FANTEZİ ZAMANI
Dünya kediler kentinde iki kedi konuşuyorlardı.
Orası da neresi? diye sormayacaksınız umarız.
İstanbul elbet.
İkisi de öyle besiliydiler ki yürürken karınları yere değiyordu.
Ama, birbirinden farklı dünyaların kedileri gibiydiler.
Belki aynı cinsten olmaları, onları birbirine yaklaştırmıştı. Ankara (ya da Angora) kedisiydi ikisi de. Zamanında Vikinglerden alınıp Anadolu’ya getirildiği sanılan parlak uzun tüylü, şişman olmalarına karşın hayli hareketli, oyun düşkünü, zeki mi zeki hayvanlar.
— Günaydın Abdülbaki.
— Selamünaleyküm Cumalı.
Cumalı, bal rengi gözlü, beyaz bir erkek kediydi. Annesi Ankara’da, Atatürk Orman Çiftliğinde (AOÇ) eskiden uygulanan özel üreme izlencesi çerçevesinde yetiştirilmişti.
RAKI İÇEN KEDİ
Öyküsünün devamını Cumalı’dan dinleyelim:
— Ülkenin kurtarıcı ve kurucusu Atatürk’ün adını taşıyan, yine O’nun kalıtı olan çiftliği zamanla birileri kendi çiftlikleri gibi kullanmayı kendilerine hak görmüşler. Derken bütün ülkeyi öyle, yurttaşları da marabaları sanmaya başlamışlar.
Sonra bir gün, Cumalı’nın anacığı, kendini sokakta bulmuş…
– Aynı kişiler, yalnız Türk çiftçisi için değil, dünya için ‘bilimsel tarım modeli’ olan çiftliğin kuruluş amacını umursamamışlar. Annemin mütevazı yuvasının da bulunduğu yere dev bir saray yaptırmışlar. Yüksek yargıçlar, ‘yıkılsın’ kararı vermişler ama hukuk, o sarayın yüce duvarlarını aşamamış.

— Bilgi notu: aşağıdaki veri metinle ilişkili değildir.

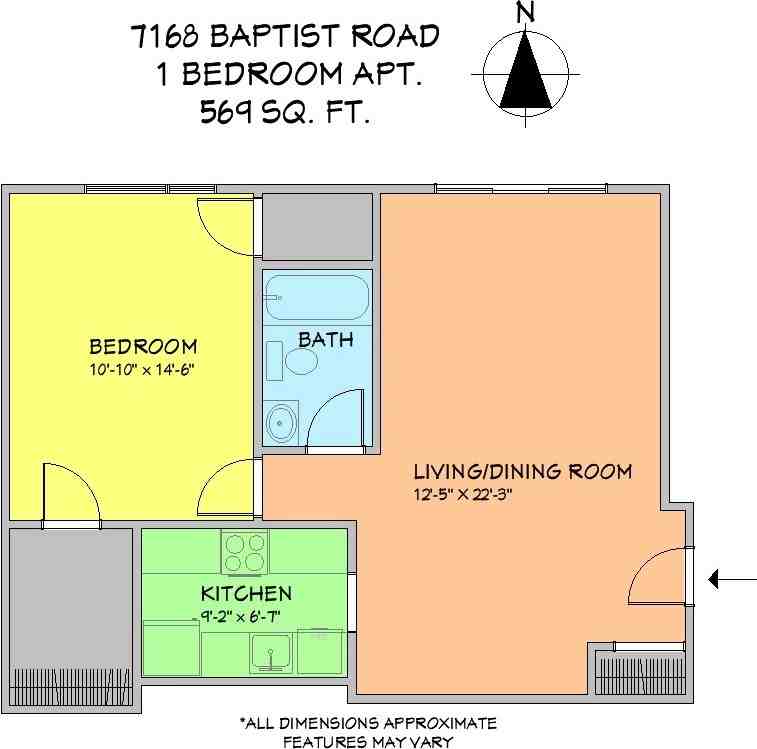 7168 BAPTIST ROADAPT 302 #302 - Photo 6 of 7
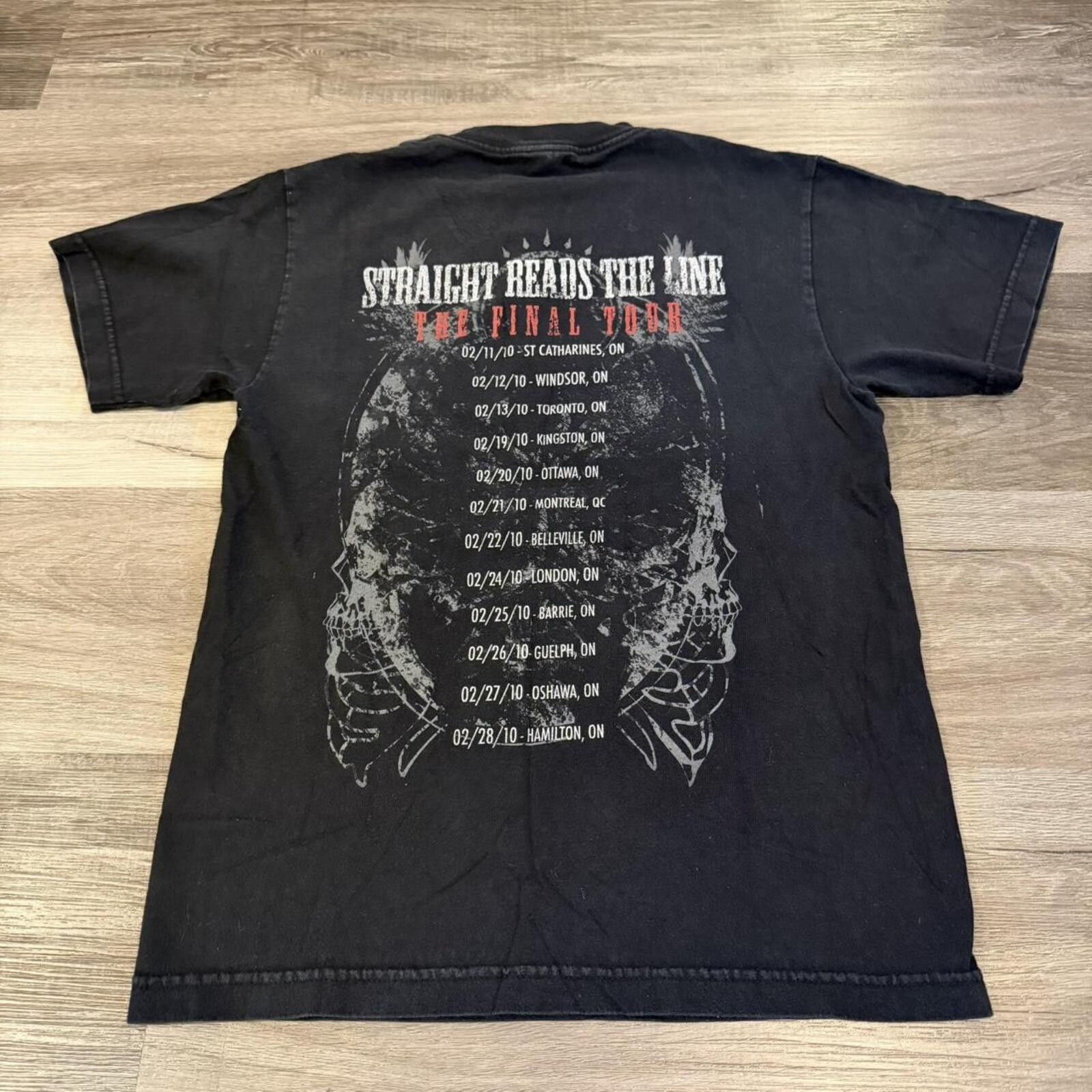 Other vintage straight reads the line last show t shirt 2010 S Size US S / EU 44-46 / 1 - 6 Thumbnail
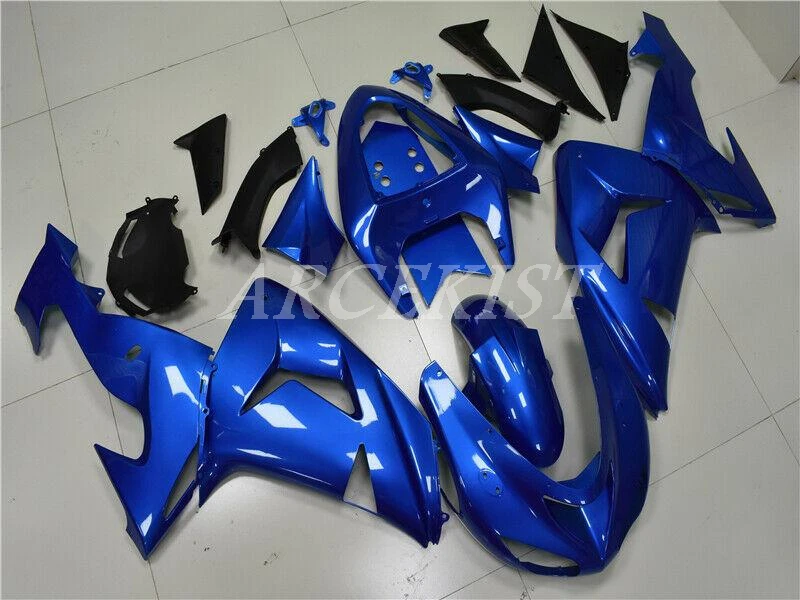 

High Quality New ABS Motorcycle Fairings Kit For kawasaki Ninja ZX-10R ZX10R 2006 2007 06 07 Bodywork set Blue glossy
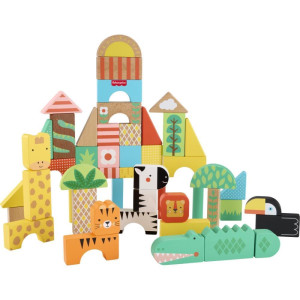 Fisher Price Wood Blocos De Selva 50pcs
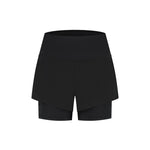 Rogelli women's 2in1 DISTANCE black fekete short
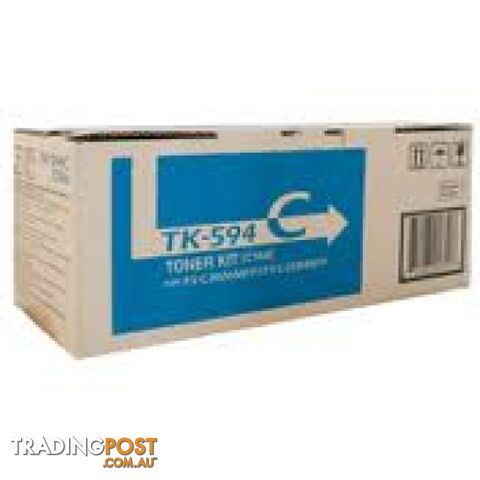 Kyocera TK-594C Cyan Toner For FS-C2526 - Kyocera - TK-594C - 0.40kg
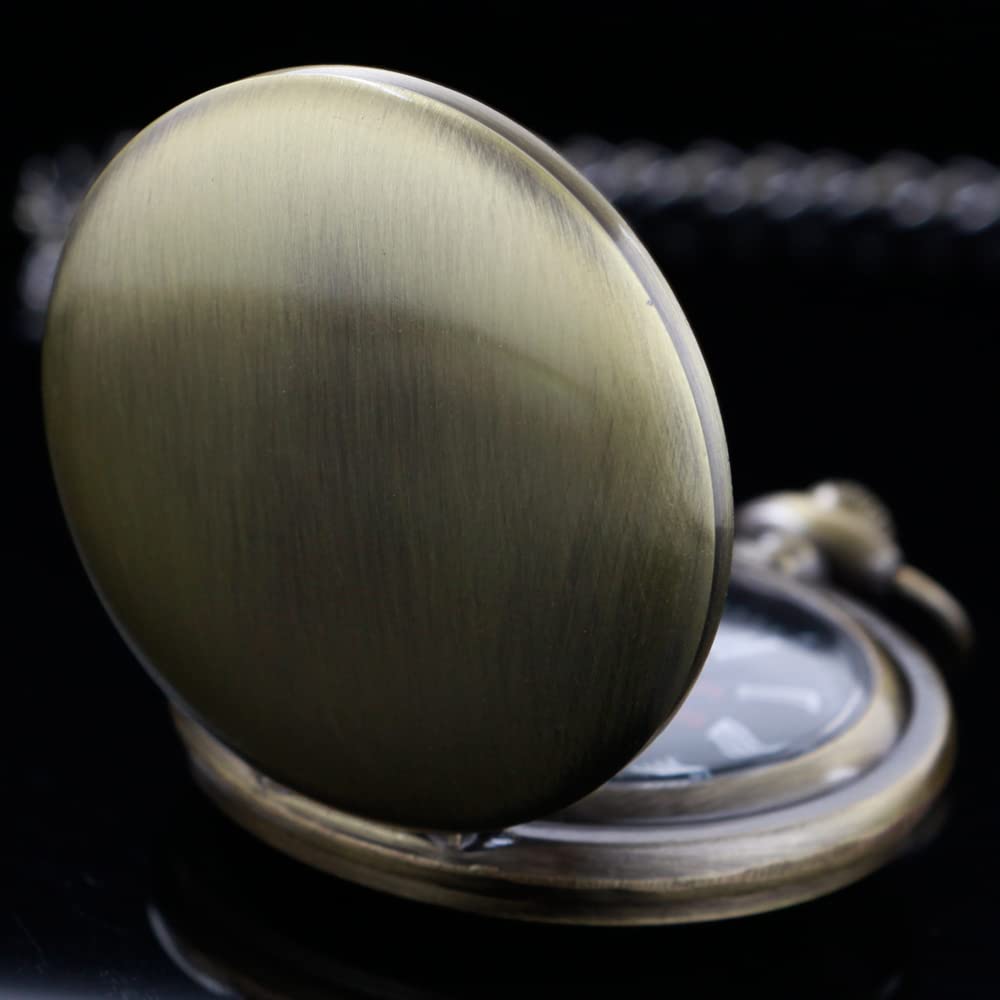 Customizable Smooth Pocket Watch for Men - Personalized Engraved Pocket Watch with Chain - Unique Father's Day Gift Idea - Perfect for Weddings, Anniversaries & Special Occasions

Bir süre sokaklarda açlıkla boğuşan annemi neyse ki bir hayvansever sahiplenip Ankara’dan İstanbul’a getirmiş.
Cumalı, artık ‘kediler kenti’nin bir varoş semtindeki kabadayının kedisiydi. Sahibi içkici, kumarbaz, zorba biriydi ama Cumalı’ya karşı sevgi doluydu. Her gece kurduğu çilingir sofrasına onu da oturturdu. Sakatat fiyatları yanına yaklaşılmaz bir hâl alınca sofrada ciğeri ara ki bulasın! Ama, sahibi ne yiyorsa daha doğrusu mezesi neyse Cumali’ye de ondan cömertçe ikram ediyordu. Çok şaşırabilirsiniz ama rakı dâhil. Kadeh olarak kullandığı ince belli çay bardağının tabağına sulandırılmış rakı döker, Cumali’nin önüne koyardı. Önceleri anason kokusundan pek hoşlanmayan dostumuz, zamanla rakı yalamalara doymayan bir tiryaki olup çıkmıştı.
DİNİBÜTÜN ABDÜLBAKİ
Abdülbaki de mavi gözlü, ilk bakışta kül rengi ancak hareket ettikçe ortaya çıkan menevişleri koyu türbe yeşiline çalan özgün renkte bir erkek kediydi. Ankara’da, dindar bir ortamda doğup büyümüştü. Onun serüveninde ise ‘nankör’ diye nitelenip İstanbul’a sürülmek vardı.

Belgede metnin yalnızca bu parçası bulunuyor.